Shanghai mayor cuts red tape to woo investment as foreign firms mull relocating amid trade war
- Mayor Ying Yong slashes time taken to register a new business, get manufacturing licence and access to electricity
- Foreign investment in Shanghai up 2.1pc during the first nine months of the year to US$12.9 billion
Shanghai has stepped up efforts to attract foreign investment as some multinational companies seriously consider plans to move out of the mainland, as the tit-for-tat tariffs in the escalating US-China trade war render manufacturing uncompetitive.
Shanghai mayor Ying Yong said on Sunday that China’s commercial capital will further cut red tape, including reducing the time taken for a new company to complete business registration, obtain a manufacturing licence and gain access to electricity, soothing concerns about potential retaliatory measures against foreign companies operating in the country.

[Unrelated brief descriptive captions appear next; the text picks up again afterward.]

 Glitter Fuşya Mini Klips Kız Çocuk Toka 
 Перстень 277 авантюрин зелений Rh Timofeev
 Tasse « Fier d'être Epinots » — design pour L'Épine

“Whatever the economic situation we will face, the door for foreign businesses will not be closed,” Ying told a press conference after the annual International Business Leaders’ Advisory Council meeting. “Instead, we will further open it for them.”
His remarks came after American and European businesses operating in China said they had fallen victim to the trade tensions between the world’s two largest economies.

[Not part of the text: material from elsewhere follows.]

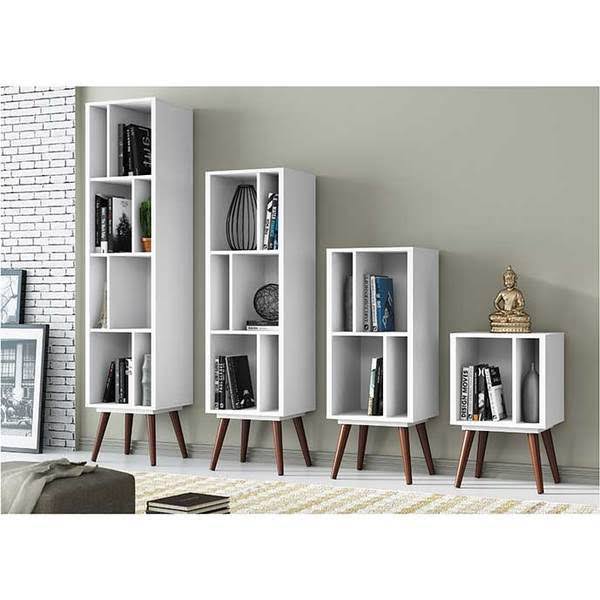 Large White Cubby Bookcase T157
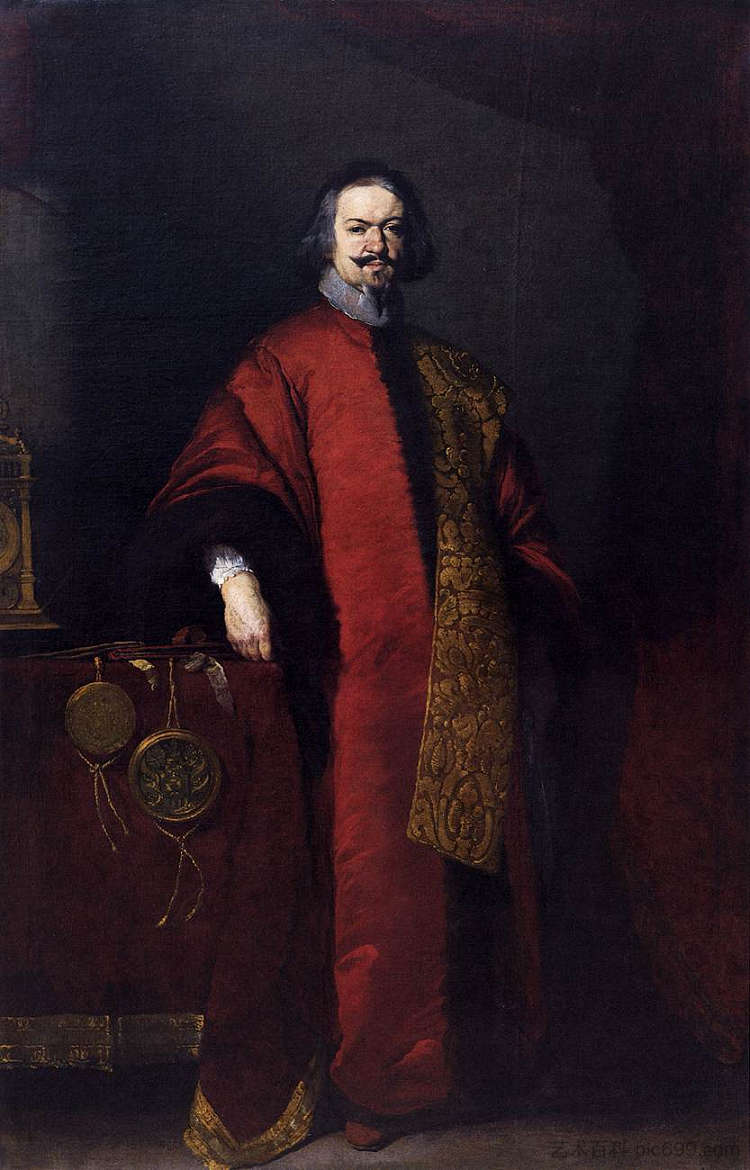 骑士乔瓦尼·格里马尼的肖像 Portrait of the Knight Giovanni Grimani (c.1640)，别·斯特劳兹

European firms mull relocating mainland production to Southeast Asia amid escalating US-China trade war
In September, some 7 per cent of corporate respondents in a survey by the European Union Chamber of Commerce in China said they had either moved or were planning to move their production out of the mainland.

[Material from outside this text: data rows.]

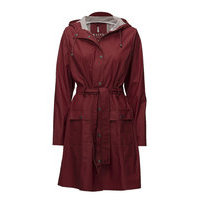 Curve Jacket Outerwear Rainwear Rain Coats Punainen Rains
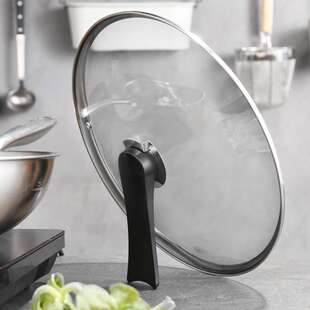 康巴赫32cm手柄锅盖炒菜不沾把手配件家用钢化玻璃透明圆形炒锅盖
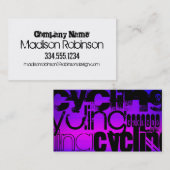 サイクリング;紫鮮やか色ブルーおよびマゼンタ 名刺 (正面/裏面)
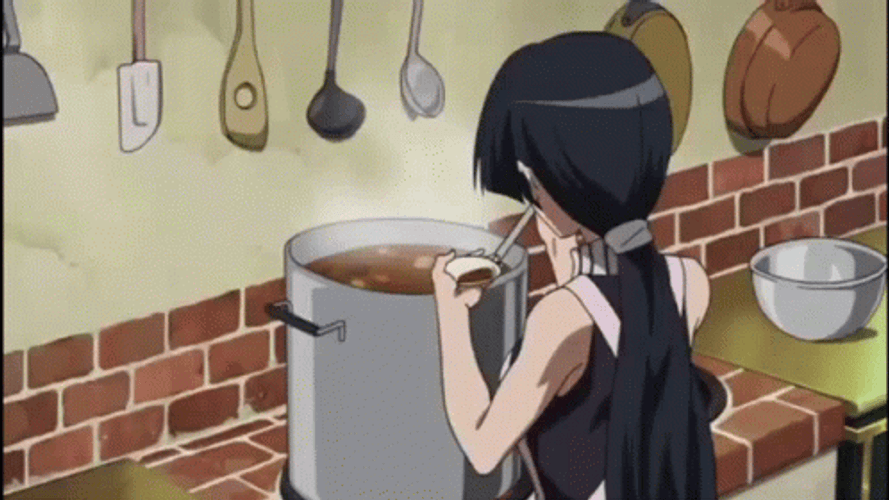 Akame Cooking Curry GIF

The companies said they were doing this to dodge the additional tariffs levied on key parts imported from the US used for manufacturing goods in China.
In another survey conducted by the American Chamber of Commerce in China, also conducted in September, nearly 50 per cent of the 430 US companies polled, said they were expecting a “strong negative impact” from the tariffs.
Half of US firms in China foresee acute pain from new tariffs as trade war escalates, AmCham survey finds
The US last month imposed 10 per cent tariffs on US$250 billion worth of Chinese-made goods, which will rise to 25 per cent on January 1.
Foreign direct investment has been one of the key driving forces of Shanghai’s economic growth over the past two decades, contributing nearly 30 per cent to the local gross domestic product, according to government data.
“For a developed metropolis like Shanghai, the loss of foreign investment will lead to massive job losses, reduced local economic output and diminished role as the country’s economic locomotive,” said Yin Ran, a Shanghai-based angel investor.
Foreign investment in Shanghai grew 2.1 per cent year on year during the first nine months of 2018, topping US$12.9 billion, the mayor told reporters.
But there is a lack of reporting mechanism to show the withdrawal of foreign funds.
In mid-October, Tesla agreed with the Shanghai government to pay 973 million yuan (US$140 million) for a plot of land in Lingang, near the city’s free-trade zone. The move takes the electric car maker a step forward in building its US$2 billion Gigafactory 3 capable of producing 250,000 a year when it’s ready in two years’ time.